「火のないところに煙は立たない」という言葉は、大嘘だ。
赤いきつね騒動で「非実在型炎上」という言葉が話題になったけど、私自身、最近そういう経験をした。
なにもかも事実か嘘か曖昧なこのSNS時代においては、誰かが「火だ!煙だ!」と言えば、そこには火も煙もあったことになってしまう。スモークを炊いて「火のないところに煙は立たないだろう!」と言う人までいる。
そして人は、嬉々としてそこに石を投げ、薪をくべる。何もなかったはずなのに、いつのまにか小さな火があがり始める。
そうやって「火がある!」と大声を出す人には2種類のタイプがいる。誰かを騙そうと思って嘘をつく人と、火や煙が本当にあると思っている(思い込んでいる)タイプだ。
前者はまだいい。意図してやっている分ずっといい。問題は後者だ。正しいと思い込んでいる=見えている世界が歪んでいるのだから、修正のしようがないし、いつでも何度でも、火があると思い込んでどこまでも延焼させてします。
今回この記事を書くのは、後者のタイプの人間と接触したばかりに大変な思いをした私の失敗炎上談を通して、みなさんに自衛をしてほしいからだ。
経験してわかったけど、これは交通事故みたいなものだ。
突発的で、偶発的で、防ぐのは難しい。しかし、日頃から危険を予測して備えておくことで、避けることも可能だ。
その術を知りつつ、私に残った火傷の話をきいてくれよ。
出会い
その人をQと呼ぼう。Qと出会ったのは1年くらい前のことだった。イベントでクオリティの高い男性コスプレイヤーがいたので、列に並んで一緒に写真を撮ってもらった。それがQだ。
イベントが終わってファミレスに入ると、偶然Qとカメラマンが順番待ちをしていた。それで、一緒に食事をしたのが始まりだった。
その後も、「撮影のアシスタントに来ないか」「撮影代はこちらで持つから、君も撮ってもらったらいい」と誘っていただいたりもした。

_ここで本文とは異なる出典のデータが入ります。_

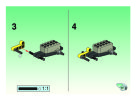 Instrucciones de Construcción - LEGO - 8240 - Slammer Stunt Bike: Page 77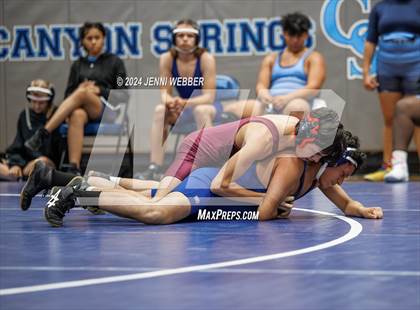 Thumbnail 1 in Canyon Springs vs Pahrump Valley photogallery.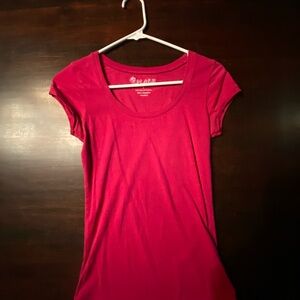 Splash Women's Pink Top, size medium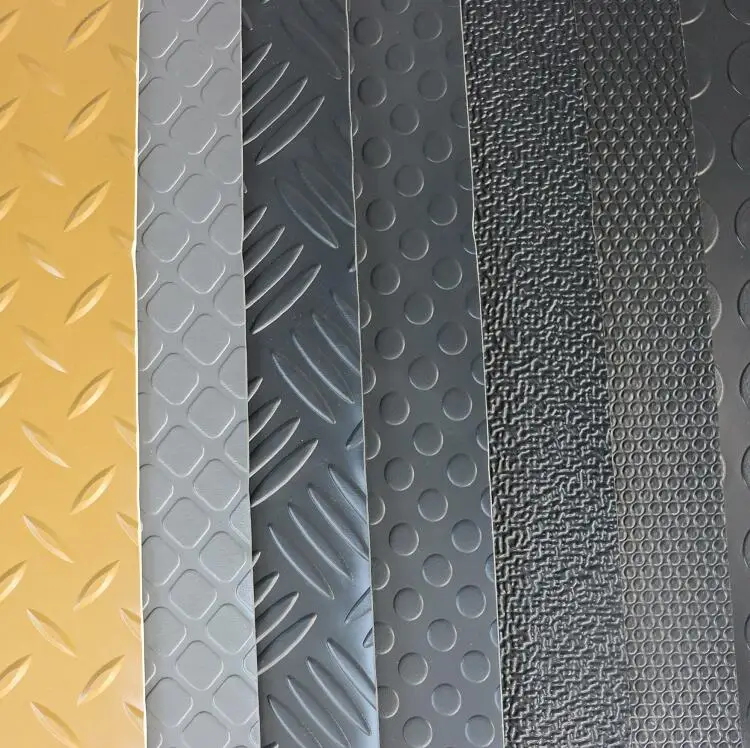 Standard Sports Arena School Kindergarten Sofa Car Floor Leather Fabric Wear Resistant PVC Synthetic Floor Fabric Leather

食事にいったのは3回程度、イベントで会ったのは5〜6回程度だろうか。私が相談ごとがあると言えば電話をとり、親身になって相談に乗ってくれる、いい先輩だった。
最初の火
12月24日、クリスマスイブの夜。家でのんびり仕事をしていた私のところに、Xの通知が届いた。Qが私をタグづけしたようだ。

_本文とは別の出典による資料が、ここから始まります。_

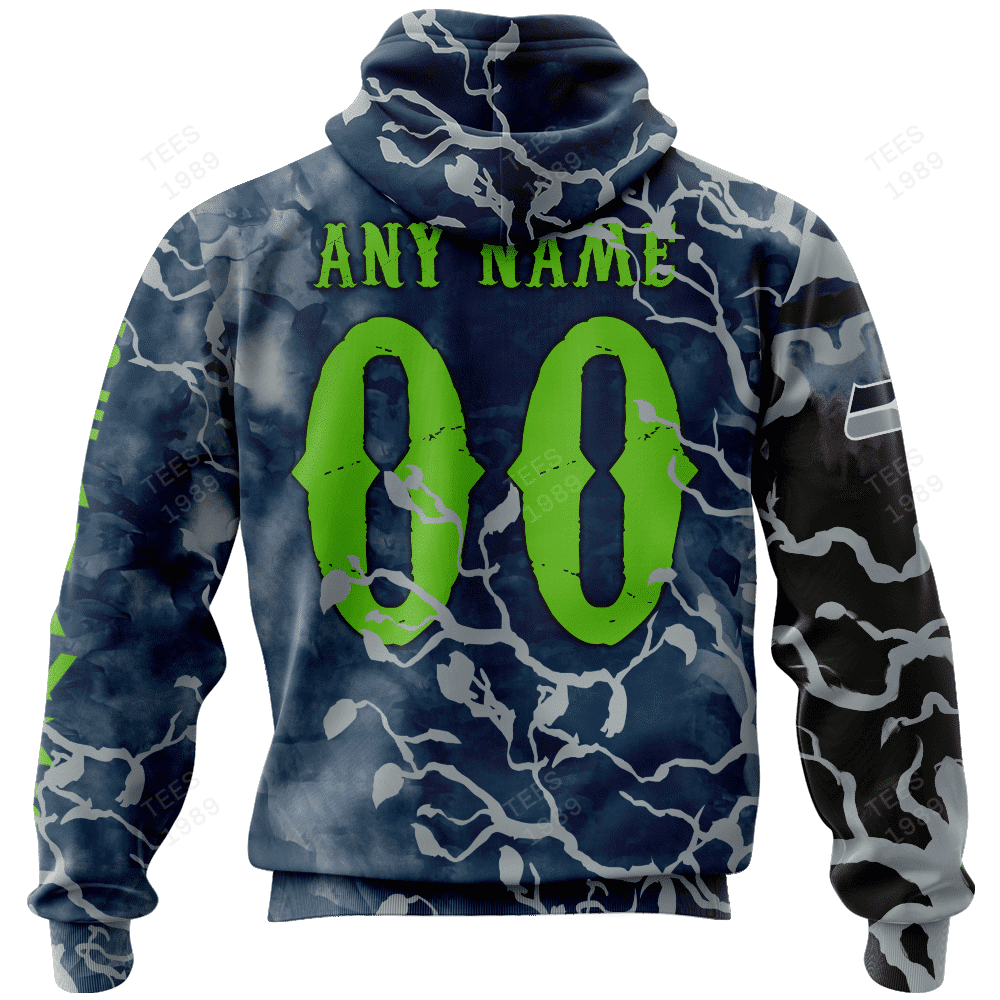 Seattle Seahawks All Over Printed BG125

なんの写真だろうと思って開くと、「鹿乃が僕の写真を無許可掲載した上に、2週間も削除依頼を無視している」と書かれた投稿が目に入った。
「……………へ?」
思わず間抜けな声が出る。投稿の口調は穏やかではなく、明らかに不穏な空気が文面から漂っていた。
しかし、まったく一体なんの話だ?削除依頼なんて知らない。
Qとは先週末のイベントで会ったばかりだ。2時間も一緒に撮影対応をしていて、帰り際には「また今度ご飯にいきましょう!」なんてやりとりをしていた。

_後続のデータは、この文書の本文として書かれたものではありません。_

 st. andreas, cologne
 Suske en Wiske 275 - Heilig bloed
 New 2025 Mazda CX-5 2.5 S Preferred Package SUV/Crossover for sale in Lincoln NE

その間、一言も削除依頼の話はされていない。私のマネージャーも覚えがなかった。投稿をよく読むと、どうやら2週間前、私のサブアカウントにリプライで削除依頼を送っていたとのこと。
確認すると、確かにそれは存在した。サブアカウントのプッシュ通知は切っていた上に、たくさんのコメントやいいねに埋もれていたため、その時までそのリプライには気づかなかった。
「イベントで会った時でも、DMでもLINEででも言ってくれたらいいのに」
「大人気ないなあ」
「まあ、嫌だったなら消すか」
「口頭で掲載確認したんだけどなあ」
と思いながら、すぐに元の投稿は消した。
そして
「気づかずすみません」
「すぐ消しますね」
「念の為、あなたの他の写真も全部消しておきます」
「でも会った時に言ってくださいよ」
とリプライを送った。
私にも、もちろん謝るべきところはある。しかし、こんな形で全世界に向けて突然怒りを露わにされるようなことはしていない。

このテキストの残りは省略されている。